Commoditization

Last year, I wrote two columns on commoditization. In the first column, I argued that our low-voltage industry is fast becoming commoditized. Everything from video projectors to fire-alarm inspection contracts is being sold at ever-lower prices and paper-thin margins. In the second column, I discussed three strategies for dealing with commoditization.

I thought that was the end of it. But there's another strategy for dealing with commoditization, and it's one that, I'm sorry to say, I just plain missed.

It's not an obvious strategy. But any number of companies have been quietly carrying it out for years. And, many of those companies have achieved that most desirable of situations-the "sustainable competitive advantage."

I'm calling this strategy, "embracing commoditization."

Strategy #1: Leading Commoditization Wal-Mart and Dell are examples of companies that are "leading commoditization." Companies like these cut costs and margins in order to lead the way to lower prices in their markets. They often achieve considerable success through this strategy.
In our low-voltage industry, internet discounters are leading commoditization. So are those bid-market contractors who seem to win all of the fire-alarm jobs. So are the Asian manufacturers of low-cost audio and video equipment. Note that, as a rule, these providers are offering quality products and services, but they have cut costs and margins to a bare minimum.

Strategy #2: Fighting Commoditization A second group of companies, like Gillette and Coca-Cola, are "fighting commoditization" using tactics ranging from continuous innovation to brand building and advertising.

In our low-voltage industry, contractors who sell integrated systems in the negotiated markets are fighting commoditization. So are those manufacturers who continue to innovate in their product lines and use advertising and branding to promote their products. Manufacturers who limit distribution and enforce MAP and the music companies who have lobbied for Digital Rights Management (DRM) and the Digital Millennium Copyright Act also belong in this group (whether or not you agree with their actions).

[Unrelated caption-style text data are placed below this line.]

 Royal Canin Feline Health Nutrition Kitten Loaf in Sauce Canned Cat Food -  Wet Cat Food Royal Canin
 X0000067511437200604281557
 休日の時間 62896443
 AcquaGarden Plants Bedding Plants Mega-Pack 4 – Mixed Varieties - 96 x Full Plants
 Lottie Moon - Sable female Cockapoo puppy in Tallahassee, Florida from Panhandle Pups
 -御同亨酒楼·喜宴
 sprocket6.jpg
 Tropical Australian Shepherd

Strategy #3: Embracing Commoditization Like the first group, companies who "embrace commoditization" work hard to maintain the quality and reputation of their commodity-and its low price. But, these companies have discovered a secret. A well-maintained commodity can become a launch platform for all kinds of innovative and profitable add-on products and services, potentially resulting in a true "sustainable competitive advantage."

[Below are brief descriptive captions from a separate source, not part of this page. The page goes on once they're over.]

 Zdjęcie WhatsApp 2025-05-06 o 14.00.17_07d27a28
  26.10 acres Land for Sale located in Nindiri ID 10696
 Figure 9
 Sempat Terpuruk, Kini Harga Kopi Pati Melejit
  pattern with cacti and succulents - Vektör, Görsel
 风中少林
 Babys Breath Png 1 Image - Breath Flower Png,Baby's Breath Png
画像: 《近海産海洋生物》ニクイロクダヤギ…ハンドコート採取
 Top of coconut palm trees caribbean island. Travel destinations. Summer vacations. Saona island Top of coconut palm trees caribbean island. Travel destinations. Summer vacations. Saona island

Consider the "open-source" or free software movement. Examples include the Linux operating system and the Open Office applications suite. How could any company profit from this ultimate commodity of free software? Seems impossible. Yet, companies like Red Hat are doing just that. How? By giving away the basic software (the commodity) and using it as a platform to sell subscriptions for updates and support (the profitable add-ons).
Starbucks is one of my favorite examples of embracing commoditization. Starbucks started with a commodity product, a cup of coffee. Then, it used this commodity platform to launch a worldwide chain.

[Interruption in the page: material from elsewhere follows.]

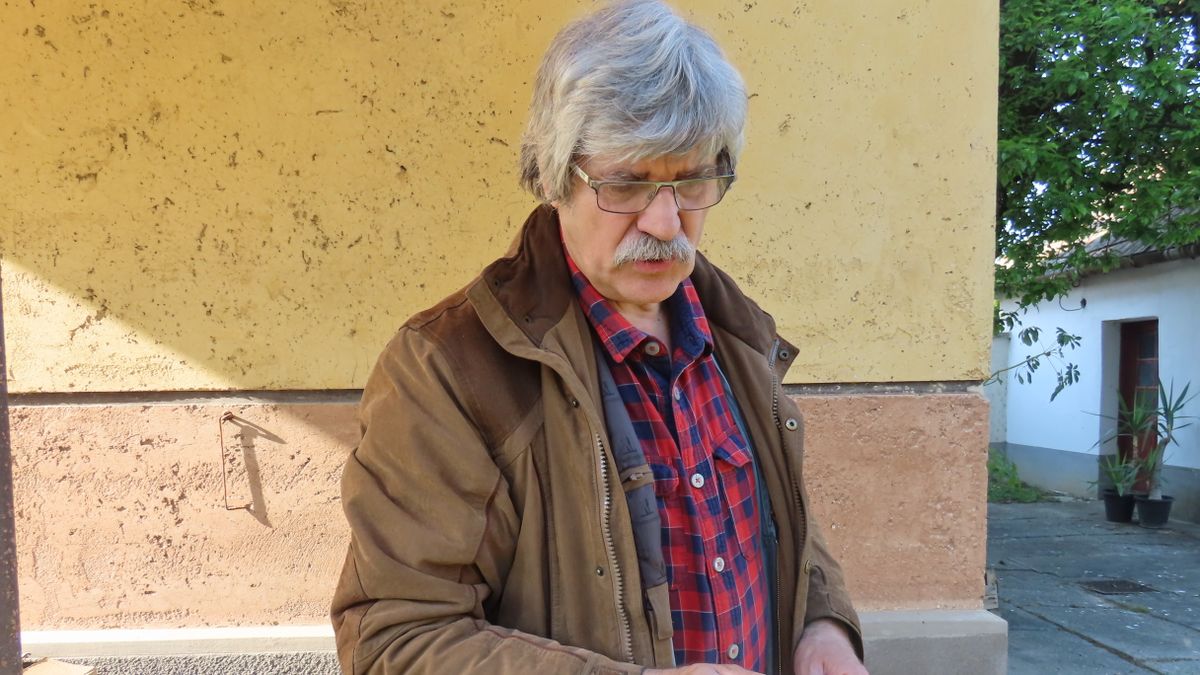 Mindszent háziorvosa kezei között új életet kapott az egykori tamariska bokor szára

I have yet to find a Red Hat or Starbucks in our low-voltage industry. Retailer Best Buy, however, is pretty close. Best Buy sells its electronics at commodity prices. Then, it makes its profits from add-ons like extended service contracts and "Geek Squad" service crew which offers expert onsite computer configuration and repair.

But, how about those residential security companies who sell a commodity intrusion alarm for $99 and then make their money from add-on monitoring. Aren't they embracing commoditization?

In a way, yes, but there's a dangerous flaw in their approach. The idea is to launch innovative add-ons from a commodity platform. But, monitoring service is just another commodity. There's no sustainable competitive advantage here.

The same warning applies to service contracts. You are "embracing commoditization" when you sell a basic system at a commodity price and then add a more profitable service contract. However, if that service contract is nothing more than an insurance policy (no innovation here), then someone else can undercut you when it comes up for renewal.

Making It Work So, what's the secret? What's the difference between a commodity add-on and an innovative add-on? And, how does an add-on product or service become a sustainable competitive advantage?
Here's the answer, and it's the key to the whole strategy. The add-on must, in some way, create or reinforce the relationship with the customer.
Consider the most obvious add-on, a service contract. Instead of an "insurance policy," offer a more innovative service contract. Include preventative maintenance. Replace worn or obsolete equipment before it becomes a problem. Offer upgrades. Schedule training sessions for the customer's new personnel. Now, you're building a continuing and positive relationship with the customer instead of showing up only when there's a problem.

Hardware add-ons can also help build relationships. Sell a customer a basic intrusion alarm and security camera system (the commodity). Then, offer to integrate them in a way that shows a growing understanding of the customer's business (the innovative add-on).